I am fascinated with how people gather in spaces that are important to them. More to the point, I am drawn to the circles that people gather in. As a teacher for 25 years, I have long found it very difficult to teach in a room where desks are in long straight rows, all facing one direction. There is an implicit message there: the many matter less than the one, and the many are there for the one. The one speaks and the many listen. The one is in control and the many are controlled.
I try, as best I might in the crowded classrooms of today, to create circles in my classroom. Often, the circle one can creation with 35 students in a room requires imagination, but it’s the effect I am looking for. I want a space where with some ease, everyone in the room can see everyone in the room.
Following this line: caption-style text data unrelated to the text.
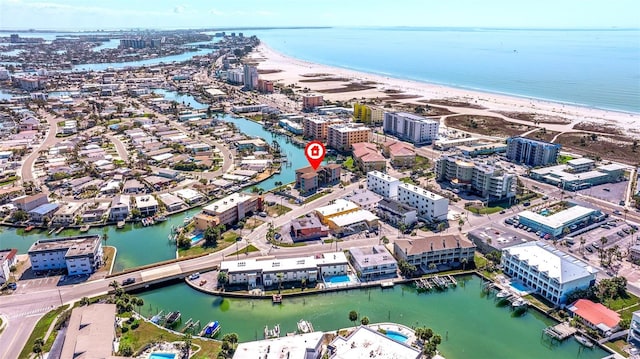 drone / aerial view featuring a water view and a beach view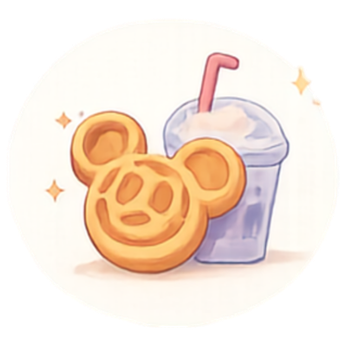 A golden Mickey Mouse shaped waffle next to a blue iced milkshake with a pink straw.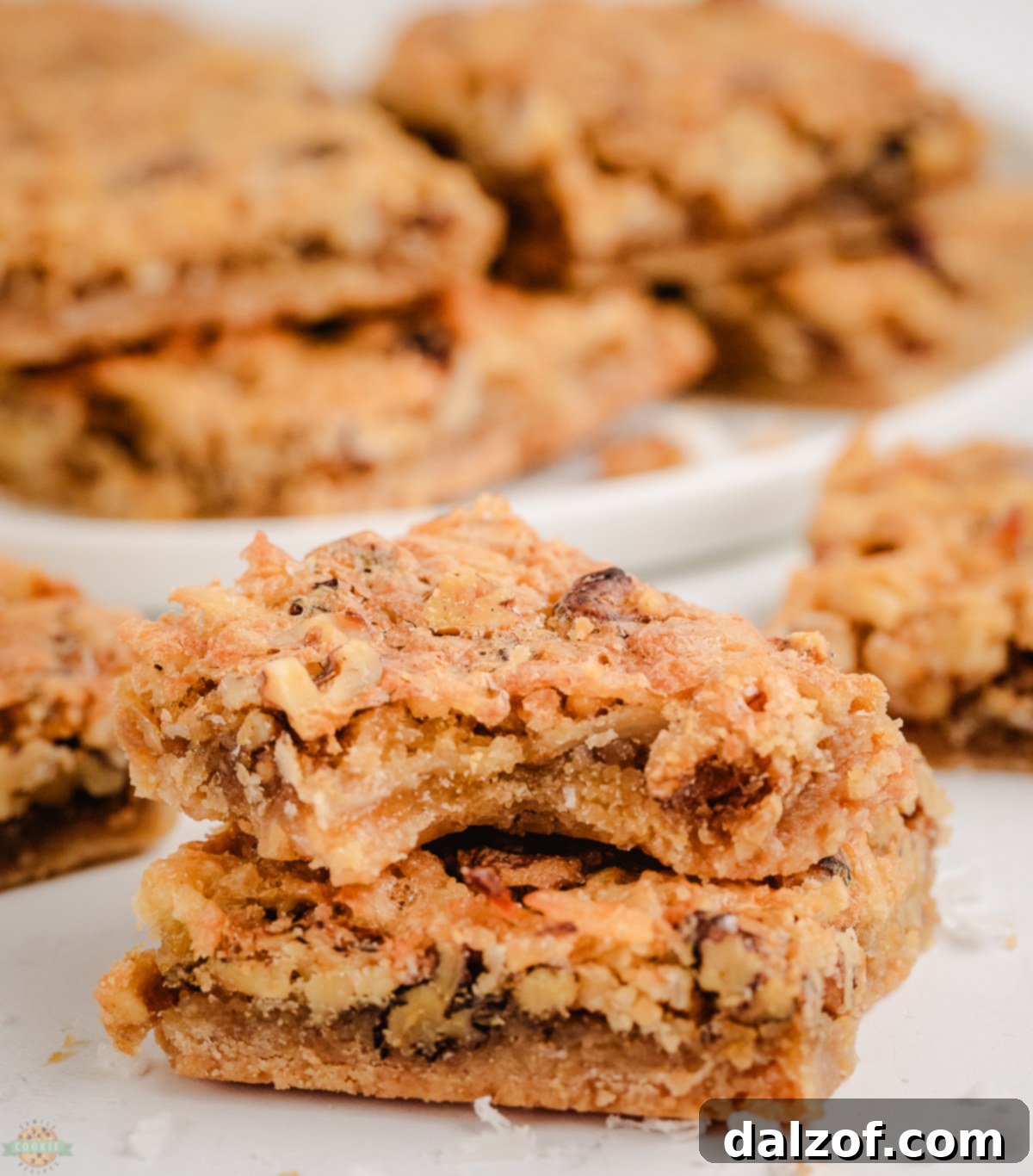 Close-up of a Coconut Dream Bar with a bite taken out, showing the rich, chewy coconut filling and crunchy walnuts on top of a buttery crust.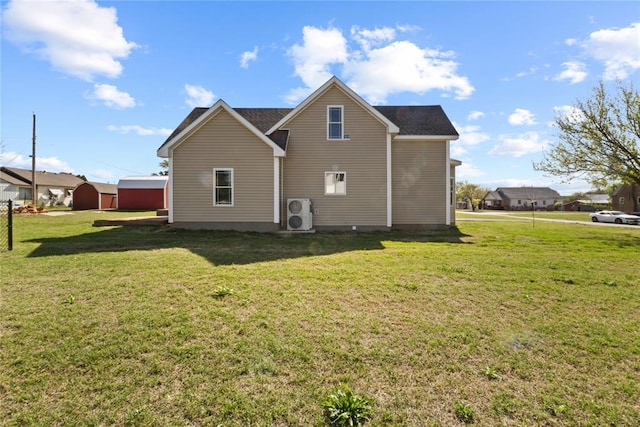 rear view of property featuring ac unit and a yard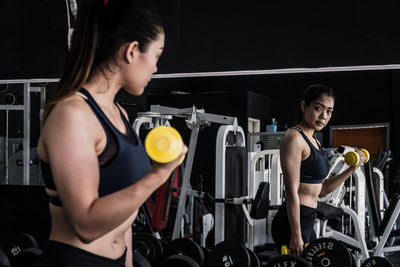 Woman lifting dumbbell with her reflection in mirror at gym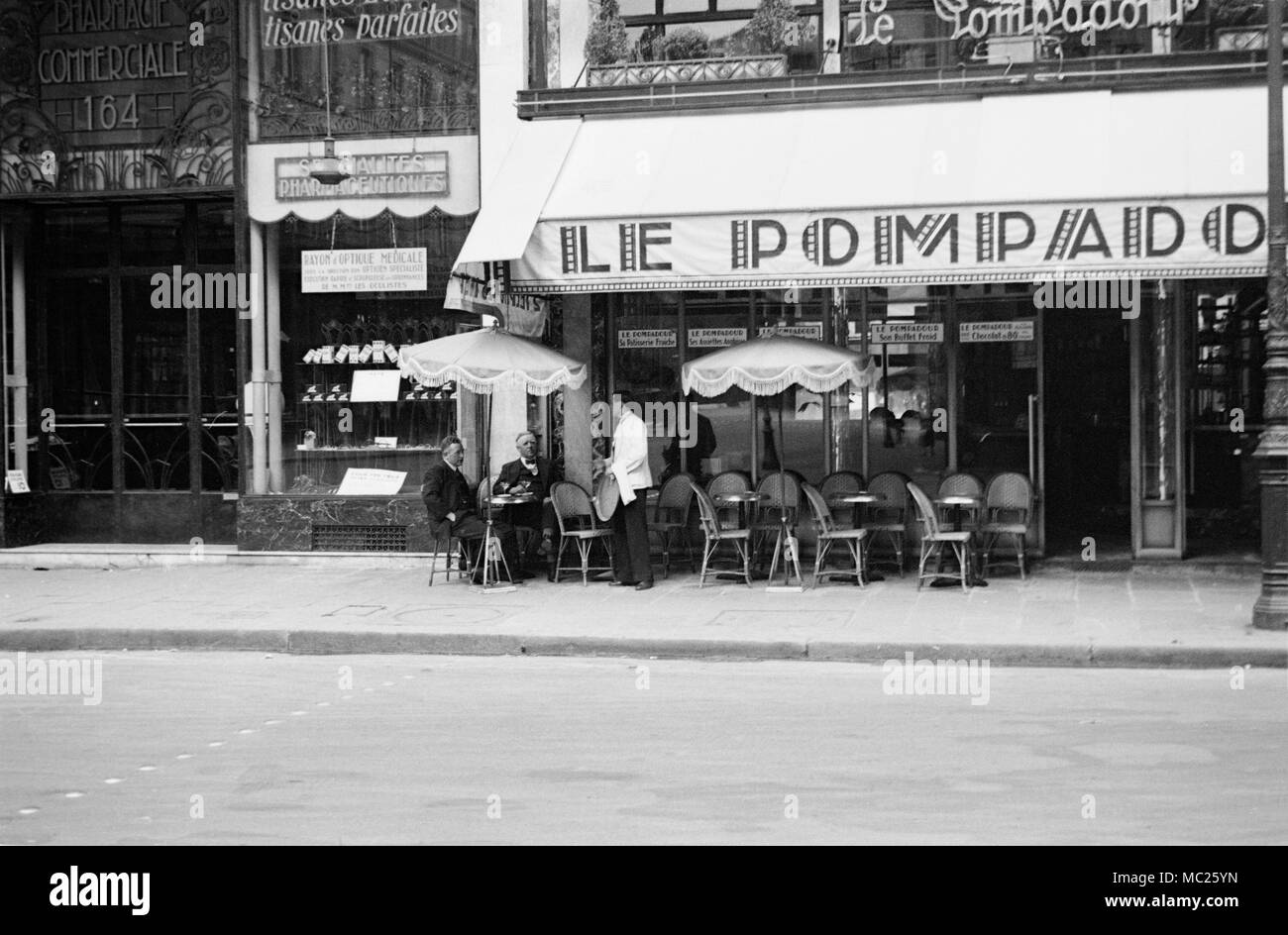 Fotografia in bianco e nero prese nel 1934 a Parigi, Francia. Mostra le Pompadour Cafe, con gli uomini e bere, con cameriere che serve loro. Foto Stock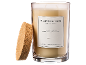 Vela perfumada em frasco de vidro com tampa de cortiça, rotulada 'Sublime Patchouli'.
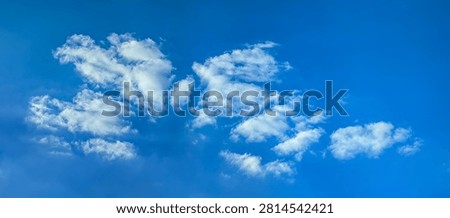A long horizontal cloud floating across the endless sky. Detailed texture of steam and evaporating moisture. A lone raindrop volumetric soft structure.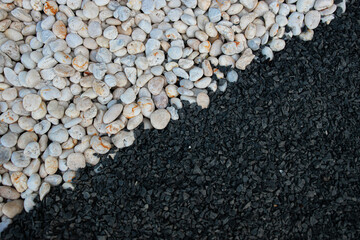 The white and black pebbles split each side in a yin and yang pattern.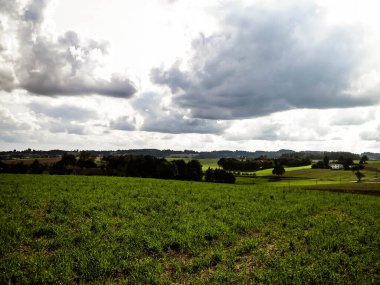 Rainy day over green fields and meadows of Kashubian Region, Poland. Copy space on cloudy sky.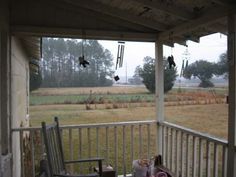 an empty porch with rocking chairs on the front and back sides, overlooking a field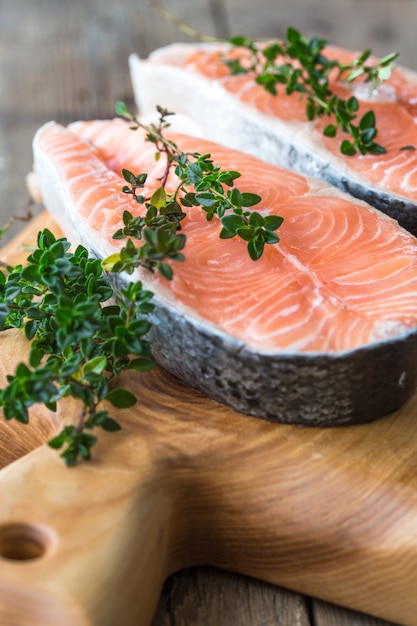 Raw, fresh salmon steak on a  board and spices around. Raw salmon red fish. Cooking salmon, seafood. Healthy food concept. Salmon and spices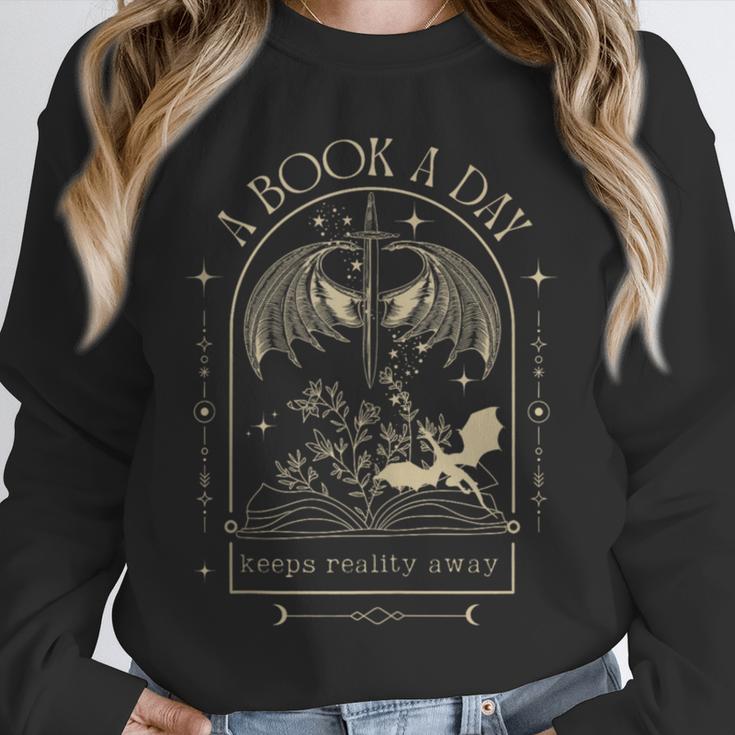Vintage A Book a Day Keeps Reality Away Spicy Book Readers Unisex Sweatshirt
At any given moment, everyone is the focus and no one is the focus. I want a space that suggests that we are working together and that our work is very much like a conversation where people take turns speaking and listening. I want a space where everyone there feels safe, accepted, and welcome.
Circles imply that to me. Circles, however we configure them, create the experience of sheltering walls. They create intimacy. They create a mutuality that cannot be escaped unless one leaves the circle. Herein is the spiritual challenge of circles, as I see it: only when human beings gather themselves in circles can we offer each other the experience of sheltering walls, and when we do, we begin to face into each other’s eyes, hearts and persona lives. We cannot sit in circles and remain anonymous, even if we all agreed to. Facing into each other, be not only become for each other sheltering walls, but we become more visible to each other, more vulnerable, and as a result, more fragile. As we create sheltering walls, we actually find in each other what is in need of shelter. As circles gather us up, they, quite powerfully, tear us open.
That’s the promise and the risk of creating circles, of becoming sheltering walls.